GR 247787; (March, 2021) (Digest)
G.R. No. 247787 , March 02, 2021
Development Bank of the Philippines, Petitioner, vs. Commission on Audit, Respondent.
FACTS
In 2006, the Development Bank of the Philippines (DBP) granted salary increases to eight senior officers totaling P17,380,307.64 based on its 1999 compensation plan. On June 19, 2007, the supervising auditor disallowed the amount due to lack of prior approval from the Office of the President. DBP appealed. On June 2, 2010, the COA Cluster Director denied the appeal and affirmed the disallowance. DBP then filed a petition for review before the COA, invoking a Memorandum dated April 22, 2010, where former President Gloria Macapagal-Arroyo approved the compensation plan retroactively. On February 1, 2012, the COA granted DBP’s petition and lifted the notice of disallowance, ruling that the President’s post facto approval legitimized the compensation plan. DBP received the decision on February 6, 2012, and did not file a motion for reconsideration or appeal.
Subsequently, on March 27, 2012, Mario P. Pagaragan, a DBP Vice President/Officer-In-Charge, submitted confidential letters to the COA seeking reconsideration of its February 1, 2012 Decision. He argued that the President’s April 22, 2010 approval was void for violating Section 261(g)(2) of the Omnibus Election Code, which prohibits salary increases within 45 days before a regular election (the approval was 18 days before the May 10, 2010 elections). On April 13, 2015, the COA treated Pagaragan’s letters as a motion for reconsideration and, exercising its power under Section 52 of Presidential Decree No. 1445 (the Government Auditing Code) to open and revise settled accounts, reversed its February 1, 2012 Decision and reinstated the disallowance. DBP filed a motion for reconsideration, arguing the finality of the February 1, 2012 Decision and Pagaragan’s lack of legal personality. On June 14, 2019, the COA partially granted DBP’s motion, sustaining the disallowance but exempting the approving officers and passive recipients from refund liability based on good faith. DBP filed the present Petition for Certiorari.
ISSUE
1. Whether the COA committed grave abuse of discretion in reopening and reversing its final and executory Decision dated February 1, 2012.

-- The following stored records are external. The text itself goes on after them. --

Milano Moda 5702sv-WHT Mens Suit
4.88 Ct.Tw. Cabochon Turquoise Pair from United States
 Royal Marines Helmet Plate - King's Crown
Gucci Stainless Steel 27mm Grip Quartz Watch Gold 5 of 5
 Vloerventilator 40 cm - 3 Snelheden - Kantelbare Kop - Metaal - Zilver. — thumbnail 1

2. Whether Mario P. Pagaragan had the legal personality to initiate the reconsideration.
3. Whether DBP’s right to due process and speedy disposition of cases was violated.
RULING
The Supreme Court GRANTED the Petition. The COA committed grave abuse of discretion.
1. On the Finality of the COA Decision and the Power to Reopen Accounts: The COA Decision dated February 1, 2012 became final and executory after DBP, the aggrieved party, did not appeal within the reglementary period. The COA’s subsequent reversal on April 13, 2015, based on Pagaragan’s letters, violated the doctrine of immutability of final judgments. The power of the COA under Section 52 of P.D. No. 1445 to “open and revise” settled accounts is not absolute; it is limited by the rules on finality of judgments and may only be invoked within three years from settlement on grounds of fraud, collusion, error of calculation, or newly discovered material evidence. Here, the COA’s February 1, 2012 Decision was the “settled account.” The “newly discovered evidence” citedβthe violation of the election banβwas a matter of law (the Omnibus Election Code and COMELEC Resolution) of which the COA could have taken judicial notice at the time of its initial decision. It was not newly discovered evidence that could justify reopening a final judgment. The COA’s act of reversing a final decision based on a belatedly raised legal argument constituted grave abuse of discretion.
2. On Pagaragan’s Legal Personality: Pagaragan was not a real party-in-interest or an aggrieved party entitled to file a motion for reconsideration. He was not a recipient of the disallowed benefits, nor was he a party to the audit case. His interest as a DBP officer concerned with proper fund management was merely incidental and insufficient to confer standing. The COA erred in treating his confidential letters as a valid motion for reconsideration.
3. On Due Process and Speedy Disposition: The Court found it unnecessary to rule on these procedural issues given its disposition on the substantive grounds. However, it noted that the COA’s four-year delay in resolving DBP’s motion for reconsideration of the April 13, 2015 Decision was unreasonable and contrary to its own rules mandating resolution within 60 days.
Conclusion: The COA’s April 13, 2015 and June 14, 2019 Decisions were annulled and set aside for having been issued with grave abuse of discretion. The COA Decision dated February 1, 2012, which lifted the notice of disallowance, was reinstated and declared final and executory.